Personal information
- Born: Анастаси́я Евге́ньевна Беляко́ва 1 May 1993 (age 33)

Boxing career

Medal record
Women's amateur boxing
Representing Russia
Olympic Games
| Bronze medal – third place | 2016 Rio de Janeiro | Lightweight |
World Championships
| Gold medal – first place | 2014 Jeju City | Light welterweight |
| Silver medal – second place | 2016 Astana | Lightweight |
European Games
| Gold medal – first place | 2015 Baku | Light welterweight |
| Bronze medal – third place | 2019 Minsk | Lightweight |
European Championships
| Gold medal – first place | 2014 Bucharest | Light welterweight |
| Silver medal – second place | 2018 Sofia | Lightweight |

= Anastasia Belyakova =

Russian boxer (born 1993)

Anastasia Belyakova (born 1 May 1993) is a Russian boxer. She competed in the women's lightweight event at the 2016 Summer Olympics, winning a bronze medal.

== Early life and education ==
At the age of nine, she lost her father and grew up without her mother under the guardianship of her grandmother. She lived with her grandmother and older sister.

At the age of thirteen, she began training in boxing at the Zlatoust Sports School of Olympic Reserve No. 5 under coach Evgeny Tarasov, who suggested that she switch from cross-country skiing to boxing.

== Career ==

=== Junior achievements ===
At the 2010 World Championships in the 60 kg weight category, Belyakova placed 5th–8th. In the same year, she won the Junior European Championship, and in 2011, became World Champion among girls under 18. She went on to win silver at the 2013 World Combat Games and gold at the 2014 Russian Youth Spartakiad.

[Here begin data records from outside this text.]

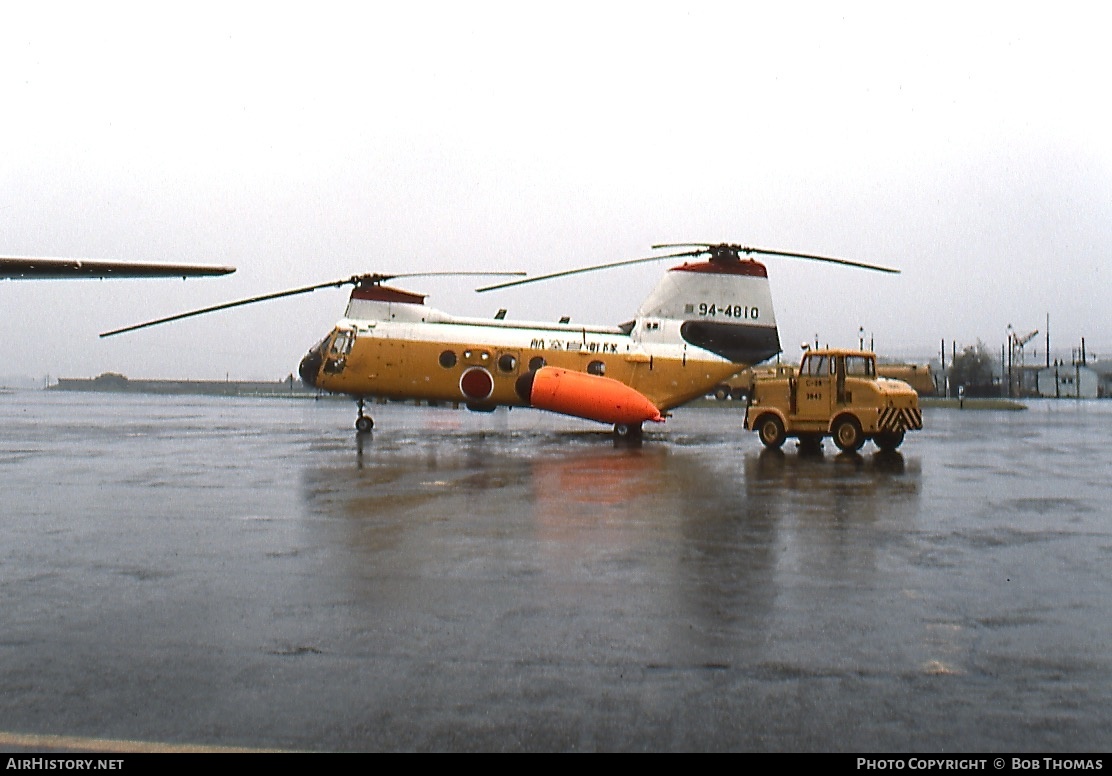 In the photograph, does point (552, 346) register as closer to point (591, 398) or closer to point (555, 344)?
point (555, 344)

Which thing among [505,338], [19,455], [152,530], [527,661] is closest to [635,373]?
[505,338]

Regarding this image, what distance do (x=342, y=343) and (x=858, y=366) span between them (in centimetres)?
1423

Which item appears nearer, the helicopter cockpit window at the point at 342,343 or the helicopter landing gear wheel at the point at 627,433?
the helicopter landing gear wheel at the point at 627,433

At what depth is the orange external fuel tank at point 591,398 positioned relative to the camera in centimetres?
2192

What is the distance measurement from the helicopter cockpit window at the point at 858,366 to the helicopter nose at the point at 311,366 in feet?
48.2

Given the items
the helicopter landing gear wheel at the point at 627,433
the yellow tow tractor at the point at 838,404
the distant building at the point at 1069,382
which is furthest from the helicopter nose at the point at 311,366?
the distant building at the point at 1069,382

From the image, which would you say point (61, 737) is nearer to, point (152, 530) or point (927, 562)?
point (152, 530)

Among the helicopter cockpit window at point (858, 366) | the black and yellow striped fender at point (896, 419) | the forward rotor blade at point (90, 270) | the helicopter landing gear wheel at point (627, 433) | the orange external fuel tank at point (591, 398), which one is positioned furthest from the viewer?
the helicopter landing gear wheel at point (627, 433)

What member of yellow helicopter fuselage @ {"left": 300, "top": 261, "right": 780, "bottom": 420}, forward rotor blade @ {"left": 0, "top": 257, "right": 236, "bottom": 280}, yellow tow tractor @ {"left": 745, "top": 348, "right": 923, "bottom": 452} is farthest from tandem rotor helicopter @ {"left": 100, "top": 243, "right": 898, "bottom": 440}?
forward rotor blade @ {"left": 0, "top": 257, "right": 236, "bottom": 280}

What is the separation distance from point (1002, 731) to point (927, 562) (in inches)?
145

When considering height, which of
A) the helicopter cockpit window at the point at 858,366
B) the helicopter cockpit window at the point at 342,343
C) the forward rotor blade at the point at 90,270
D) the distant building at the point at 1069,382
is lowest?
the distant building at the point at 1069,382

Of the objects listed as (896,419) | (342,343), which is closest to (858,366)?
(896,419)

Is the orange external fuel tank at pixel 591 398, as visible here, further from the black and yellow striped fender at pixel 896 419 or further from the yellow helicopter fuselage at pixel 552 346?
the black and yellow striped fender at pixel 896 419

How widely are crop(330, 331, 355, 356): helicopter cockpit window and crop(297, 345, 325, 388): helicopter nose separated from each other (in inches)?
22.5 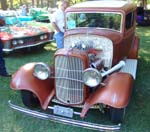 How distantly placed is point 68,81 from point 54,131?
30.2 inches

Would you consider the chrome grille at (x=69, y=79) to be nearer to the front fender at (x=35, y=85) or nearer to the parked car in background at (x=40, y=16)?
the front fender at (x=35, y=85)

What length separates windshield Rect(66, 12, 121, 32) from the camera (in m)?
5.22

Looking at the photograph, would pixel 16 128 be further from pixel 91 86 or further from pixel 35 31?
pixel 35 31

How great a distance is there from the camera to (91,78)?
3.90m

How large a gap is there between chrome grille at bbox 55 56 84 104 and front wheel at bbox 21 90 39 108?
58 cm

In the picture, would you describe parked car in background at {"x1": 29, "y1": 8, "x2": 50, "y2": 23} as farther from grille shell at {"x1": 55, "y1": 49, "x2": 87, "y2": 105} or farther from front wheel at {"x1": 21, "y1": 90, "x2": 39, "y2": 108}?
grille shell at {"x1": 55, "y1": 49, "x2": 87, "y2": 105}

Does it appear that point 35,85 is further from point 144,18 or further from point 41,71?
point 144,18

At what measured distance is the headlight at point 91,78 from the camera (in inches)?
151

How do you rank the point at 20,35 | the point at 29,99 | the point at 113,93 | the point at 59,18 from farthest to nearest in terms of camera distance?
1. the point at 20,35
2. the point at 59,18
3. the point at 29,99
4. the point at 113,93

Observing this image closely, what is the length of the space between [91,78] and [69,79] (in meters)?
0.36

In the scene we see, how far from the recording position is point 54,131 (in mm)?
4027

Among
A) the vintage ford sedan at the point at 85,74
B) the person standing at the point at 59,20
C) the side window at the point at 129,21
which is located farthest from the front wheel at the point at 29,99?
the person standing at the point at 59,20

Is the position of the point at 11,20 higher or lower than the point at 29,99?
higher

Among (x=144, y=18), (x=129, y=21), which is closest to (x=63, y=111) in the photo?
(x=129, y=21) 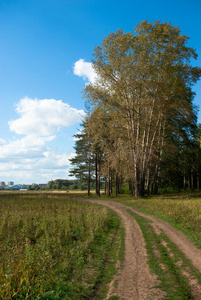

She is a six-time Russian national champion (2012, 2013, 2015, 2017, 2018, 2019).

=== International success ===
In 2014, Belyakova won gold medals at both the European and World Championships. In the European final, she defeated Natasha Jonas of England, and in the World Championship final, she defeated Sandy Ryan, also of England.

In 2015, she once again won her weight category at the European Games, after which she moved up to the 60 kg category. There, she earned silver at the World Championships, losing to Estelle Mossely of France, but at the same time securing an Olympic berth.

=== 2016 Summer Olympics ===
At the 2016 Summer Olympics, Belyakova defeated American boxer Mikaela Mayer in the quarterfinal. In the semifinal against Estelle Mossely, she suffered an elbow injury and lost by technical knockout. Despite the defeat, this result earned Russia its first-ever Olympic bronze medal in women's boxing. Belyakova was congratulated on her medal by Russian Prime Minister Dmitry Medvedev and Governor of Chelyabinsk Oblast Boris Dubrovsky.

=== Later career ===
At the 2018 World Championships, on 18 November, she was eliminated in the round of 16 (third round) after a close fight against China's Yang Wenlu.[7] She had been exempted from the first round and defeated Elisa Williams of Panama in the second round.

At the 2019 European Games in Minsk, in the 60 kg weight category, she won a bronze medal.